There are also significant problems concerning how ‘truthful and open’ Cummings has been.  None of the initial reports of his self-isolation referred to his rogue relocation from London (indeed it was widely reported he was ‘at home’), nor was it mentioned in the Spectator column written by his wife Mary Wakefield about their experience with Covid-19.  Before the revelations about his trip to Durham broke, Downing Street was refusing to comment when asked where he has stayed during lockdown.  And while Cummings subsequently appeared at an extraordinary press conference in the back garden of 10 Downing Street, giving a lengthy account of his movements only once his potential violations had already been exposed, there are major doubts about the credibility of at least one of his attempts to justify his conduct.  His explanation for the trip to Barnard Castle on 12 April – which he claimed was to check his eyesight had sufficiently recovered to allow him to drive a car safely (a test conducted over 50 miles with both his wife and child in the car) – has been widely mocked (even in usually sympathetic media).  And there have been further eyewitnesses making allegations about his activities during his visit to the town which contradict Cummings’ own account.
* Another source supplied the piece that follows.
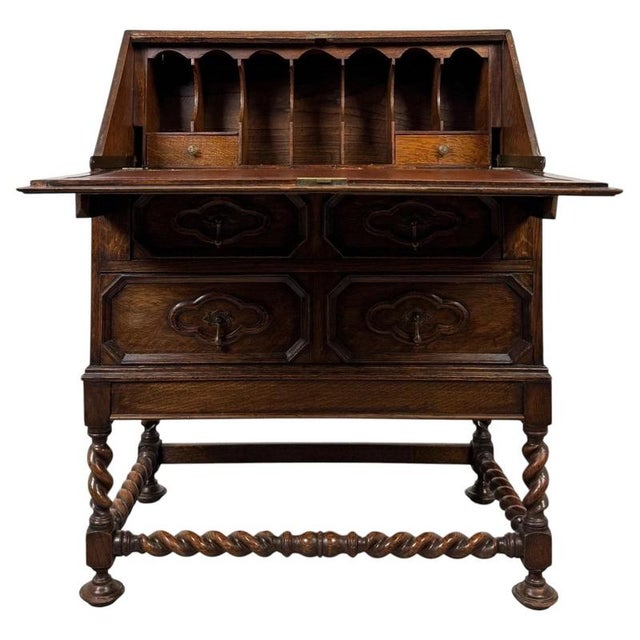 A beautifully crafted early 20th-century English oak bureau, designed in the Jacobean style and combining practical...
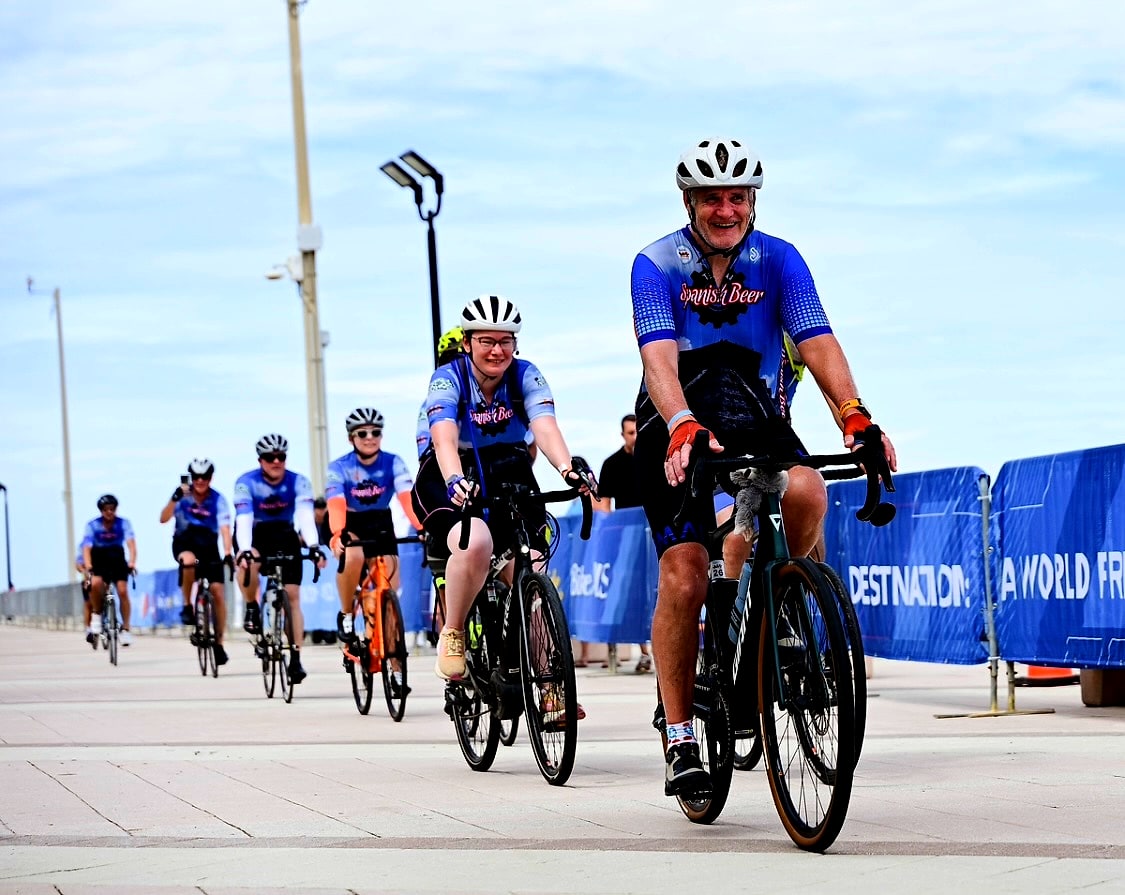 Team Spanish Beer riders in blue jerseys cycling along the beach boardwalk toward the Day 1 finish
Taken together, there are more than ample grounds to suggest that Cummings has seriously violated the Code of Conduct for Special Advisers, in addition to any violations of the law.  Yet ultimately, the consequences of this remain a matter for the discretion of the Prime Minister.   As the Ministerial Code (para 3.3) makes clear: ‘The responsibility for the management and conduct of special advisers, including discipline, rests with the Minister who made the appointment’.  While those ‘Individual Ministers will be accountable to the Prime Minister, Parliament and the public for their actions and decisions in respect of their special advisers’, when the appointing minister is the Prime Minister himself, as in relation to Cummings, in practical terms this may end up meaning very little. For although it is always ‘open to the Prime Minister to terminate employment by withdrawing her consent to an individual appointment’, the current Prime Minister – whether he has turned his mind to potential violations of the Code of Conduct or not – seems zealously committed to ensuring Cummings remains his chief adviser.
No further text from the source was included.